Banitsa can be eaten hot or cold anytime during the day: it’s always, invariably yummy.
Needless to say, there are countless banitsa places in Sofia. We were wandering about the centre, when we walked past a tiny one on Solunska St. (ул. Солунска), just off Vitosha St. and not far from the Palace of Justice. We were hungry, so we stopped by without thinking twice.
The place is really small with only a few chairs, as people probably buy one or more pieces to go more often than to stay in. The counter, though, displays a wide range of banitsa options that will make you want to try them all. Which I did (almost) literally: my friends ordered different types, I tried all of them and, well, I wouldn’t know which one to recommend. I mean, definitely try the traditional banitsa for sure, but also maybe pick a second flavour…!
I’m sorry I can’t give more detailed directions on how to reach the banitsa place I went to. That said, there are so many banicharnitsa in the city that you will easily find one (or more) on your way, and you won’t be disappointed!
Izbata Tavern (Механа Избата)
Here you can’t go wrong: it doesn’t get more Bulgarian than this.
Izbata Tavern is a traditional restaurant in the heart of Sofia, and a very popular one, amongst tourists as well as locals.
The interiors will take you back to what the restaurant website describes as ‘the spirit of the [sic] Bulgarian tradition, of the authentic Bulgarian cuisine and style’.
The menu includes dishes with evocative names like ‘Thracian salad’ and ‘The Old Izba satch’. If you want something truly authentic, focus on the ‘Main dishes’ section of the menu.

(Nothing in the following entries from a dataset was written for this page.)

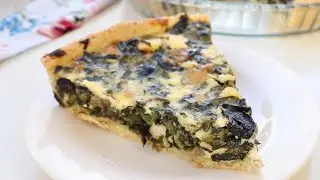 😍 كيش بالسبانخ و الدّجاج بنّة لا تقاوم، و بعجينة و لا أروع و سهلة   Quiche aux épinards et poulet
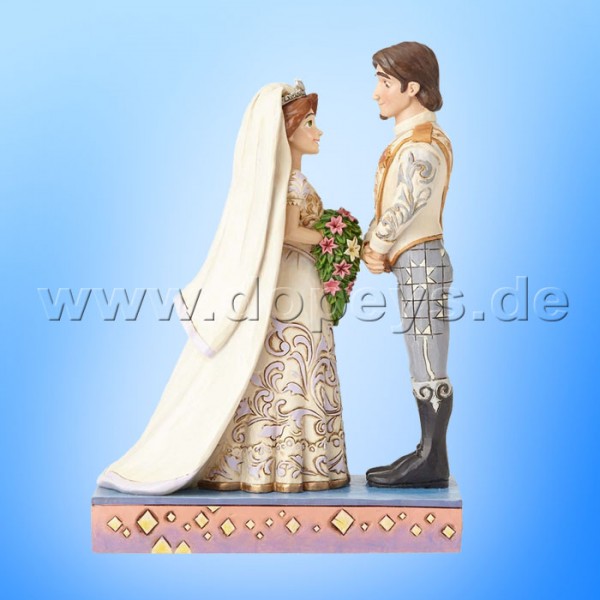 Disney Traditions / Jim Shore Figur von Enesco "The Big Day (Rapunzel & Flynn Hochzeitsfigur)" 4056751.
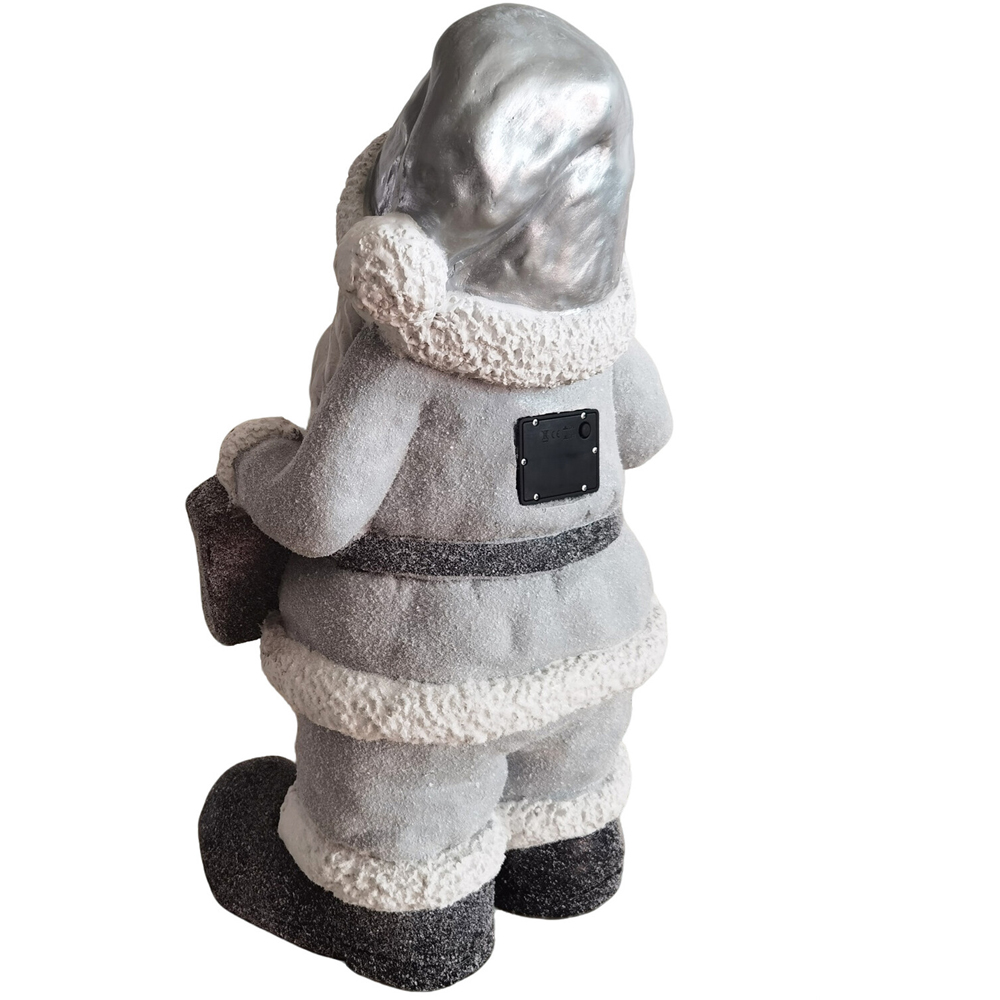 Pre-Lit Welcome Santa Decoration Silver Image 6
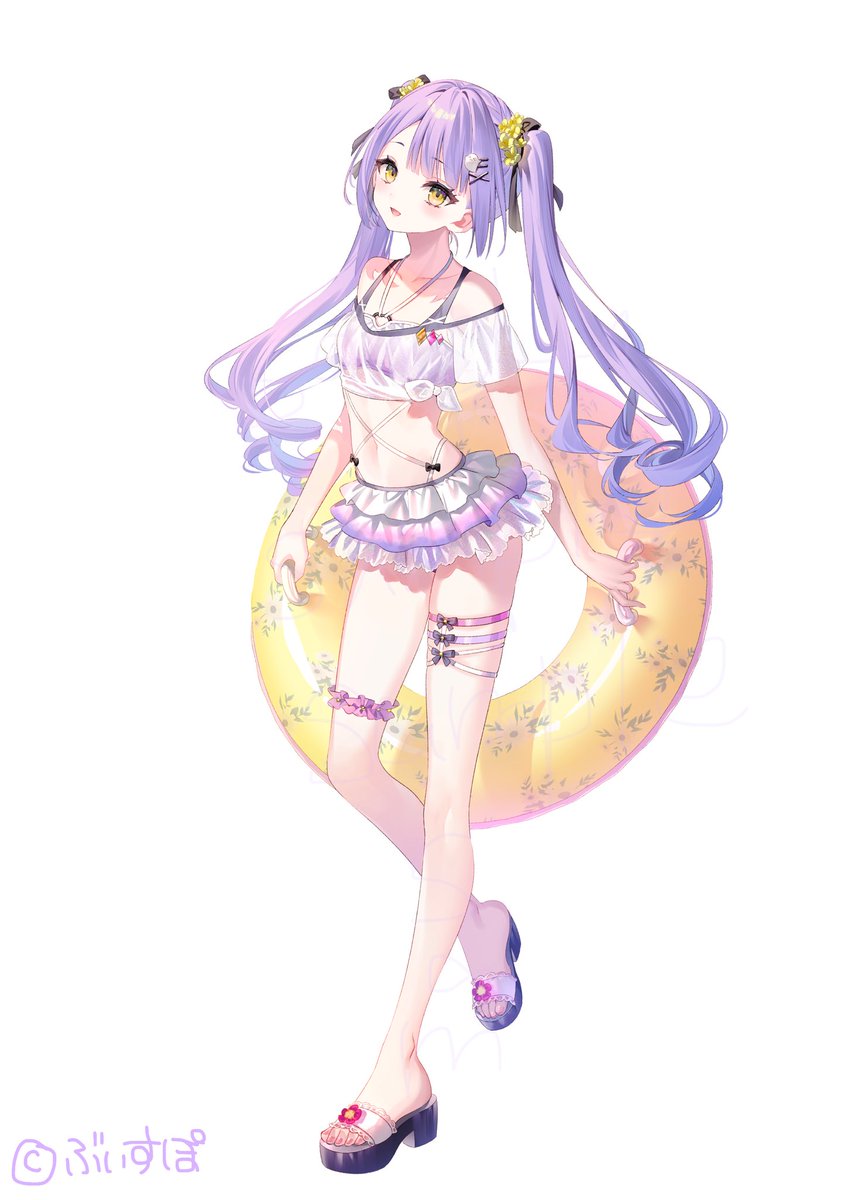 遅くなっちゃったけど今年の水着全身写真🏊‍♀️✨️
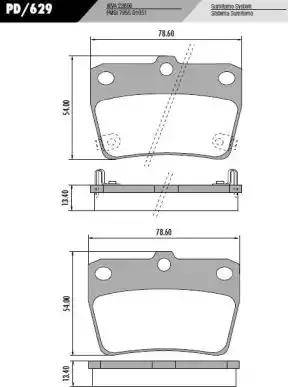 FRAS-LE PD/629 - Kit de plaquettes de frein, frein à disque cwaw.fr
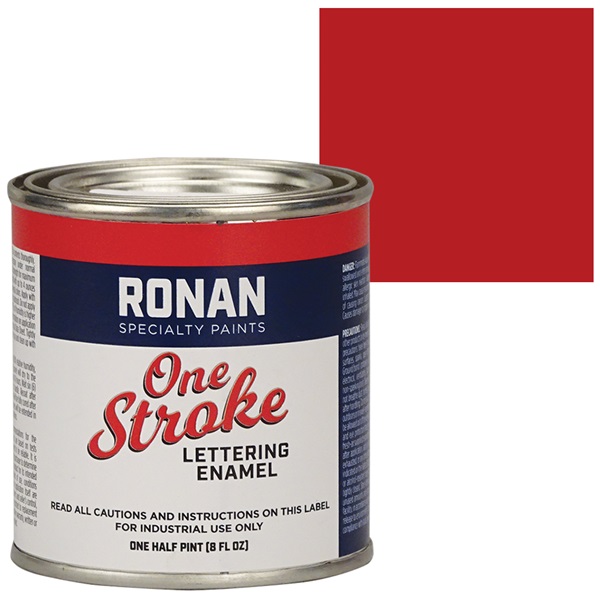 RONAN One Stroke Lettering Enamel Paint - Cherry Red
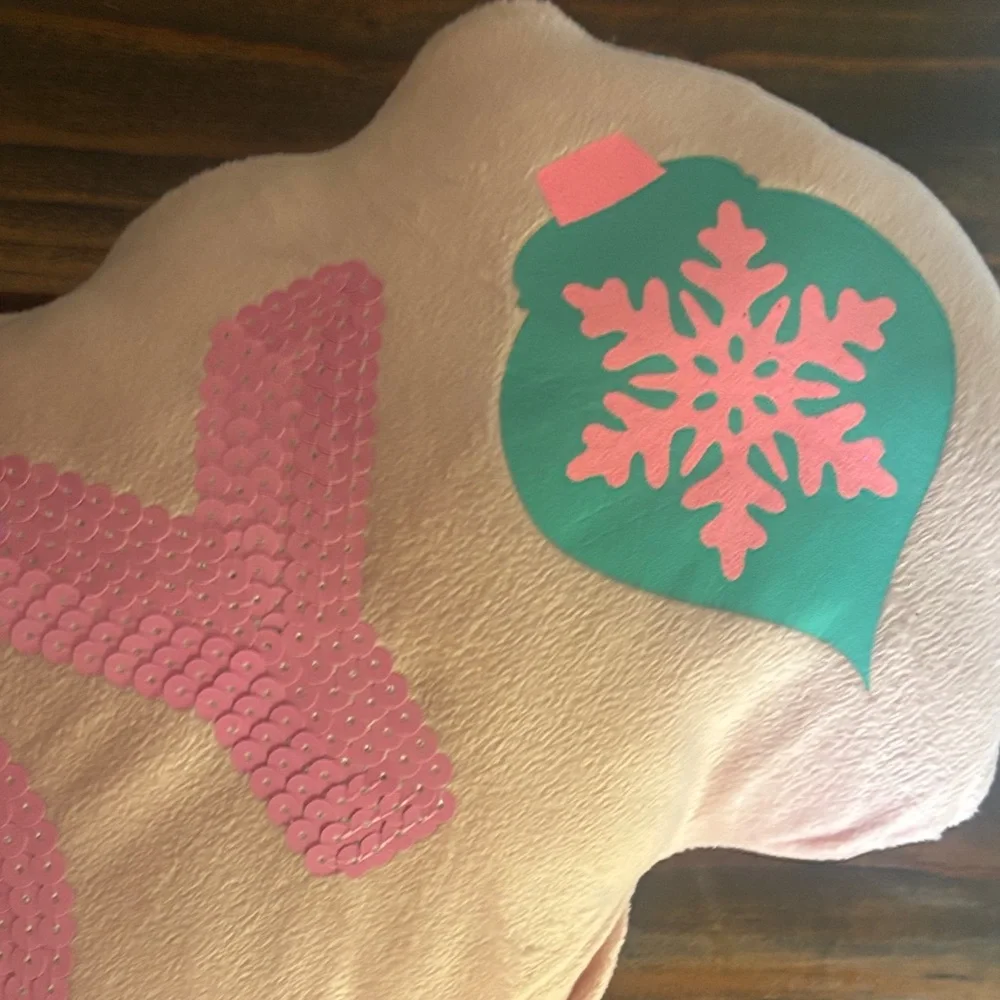Pink Joy Pillow with Ornament Design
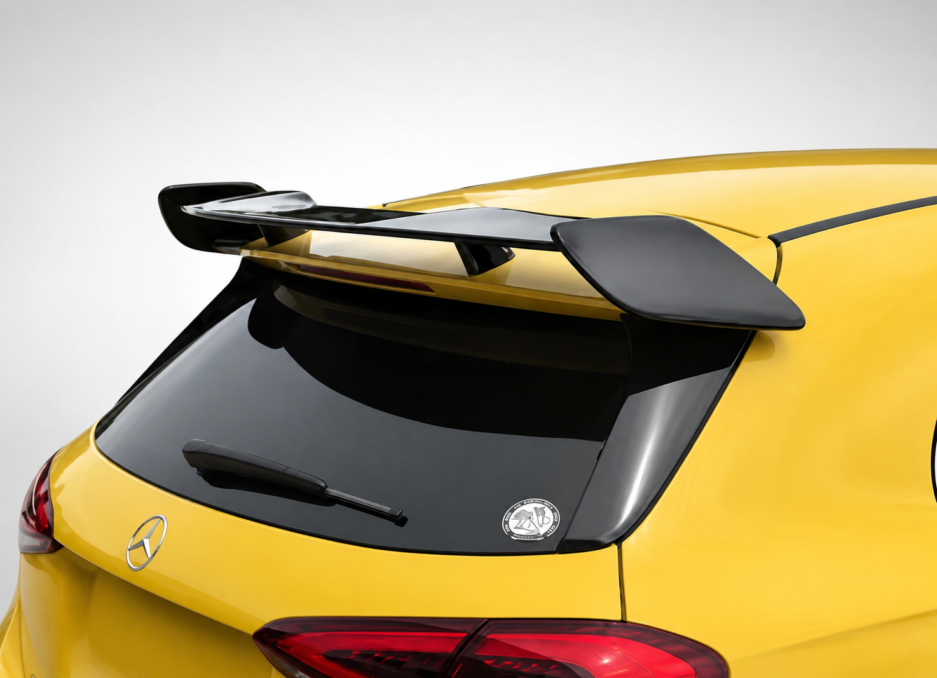 Mercedes Benz W176 Hatchback Roof Spoiler Gloss Black
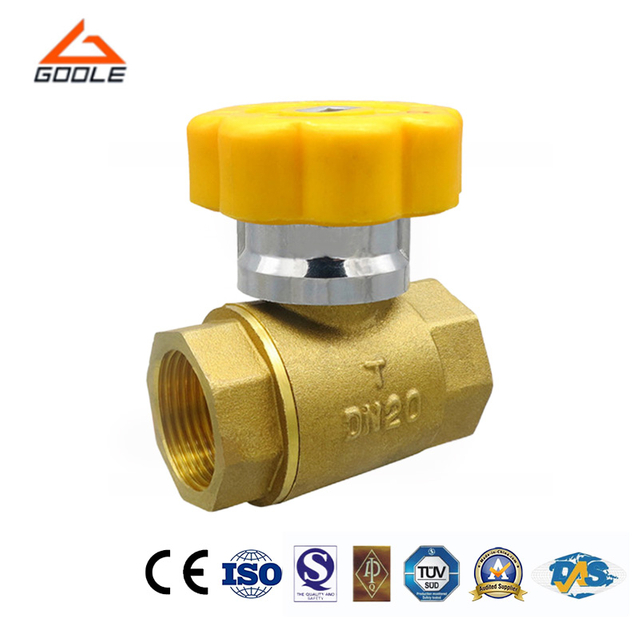 Brass 1 PC Magnetic Locking Ball Valve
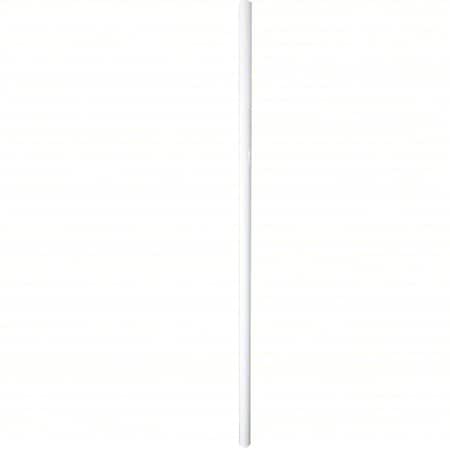 Zoro Select Closet Pole, Steel, White, 1 1/4 in dia. 859YF1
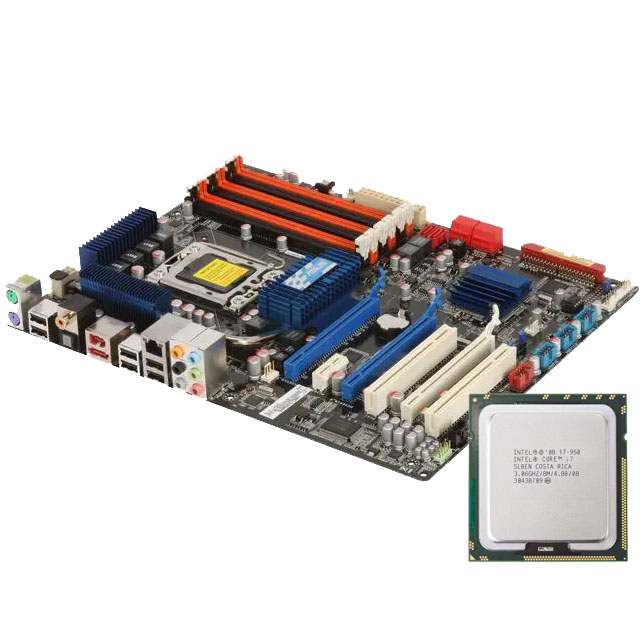 باندل استوک ASUS P6T Rev 1.01G + CPU i7-950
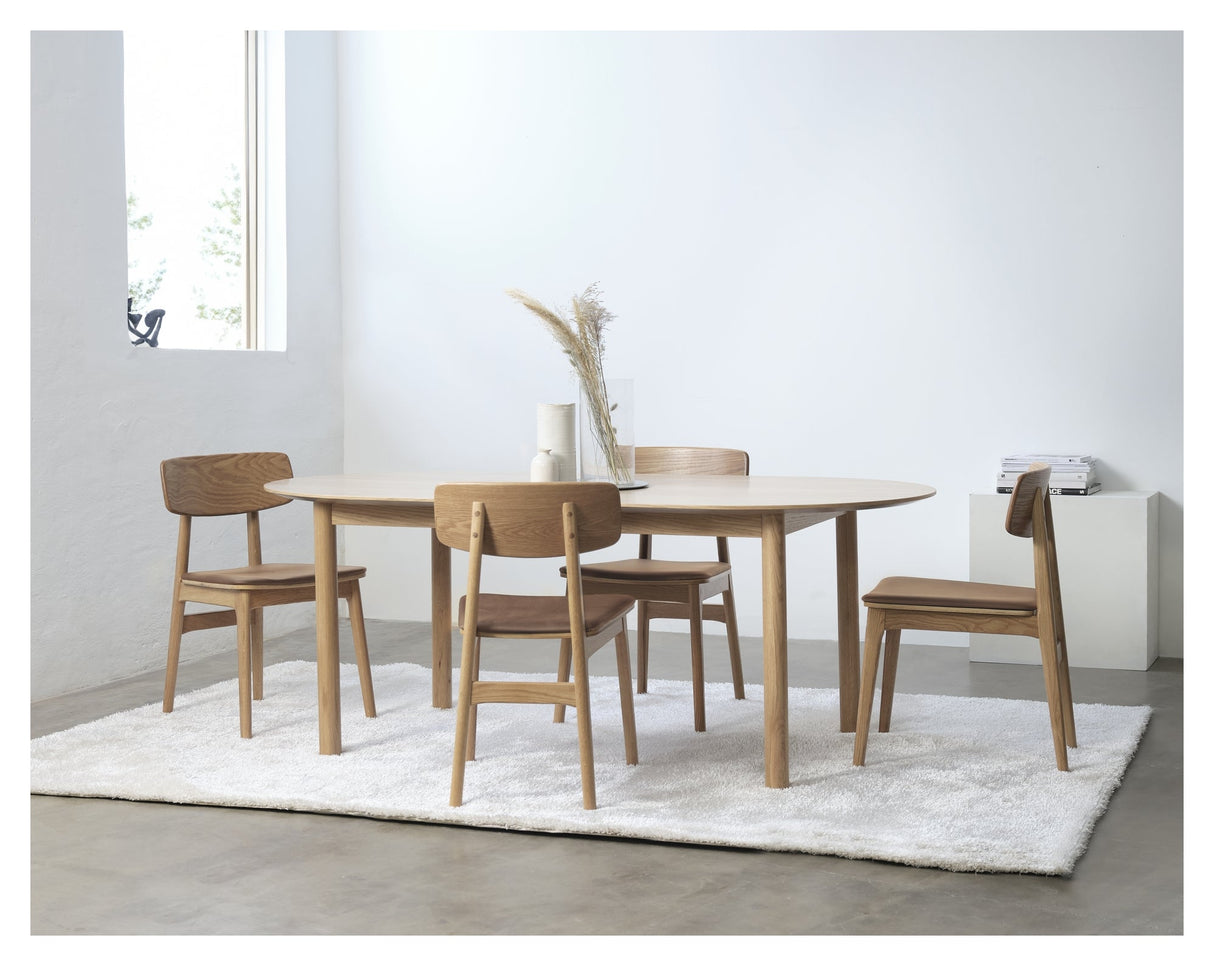 Gallina, dining table 190/280 cm - oak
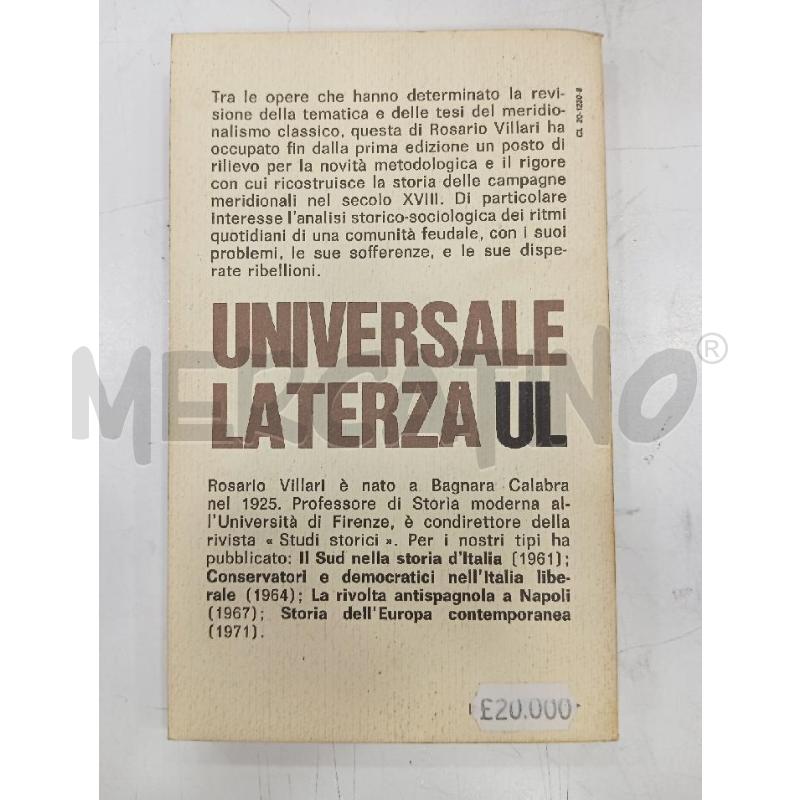 VILLARI MEZZOGIORNO E CONTADINI NELL'ETÀ MODERNA | Mercatino dell'Usato Roma viale tirreno 2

My friends ordered ‘homemade cabbage dolmas’, rolls made from cabbage leaf filled with minced pork and spices. Others chose the ‘vine-leaf dolmas’, i.e. the meatless, vegetarian version of the standard dish.
I went for the rice with porcini mushrooms and cheese, which was super flavoury.
If you’re not yet full then, let yourself be tempted by the dessert section of the menu. After which, you can still wash everything away with a glass of rakia, popular fruit brandy that can rightfully be considered Bulgaria’s national drink!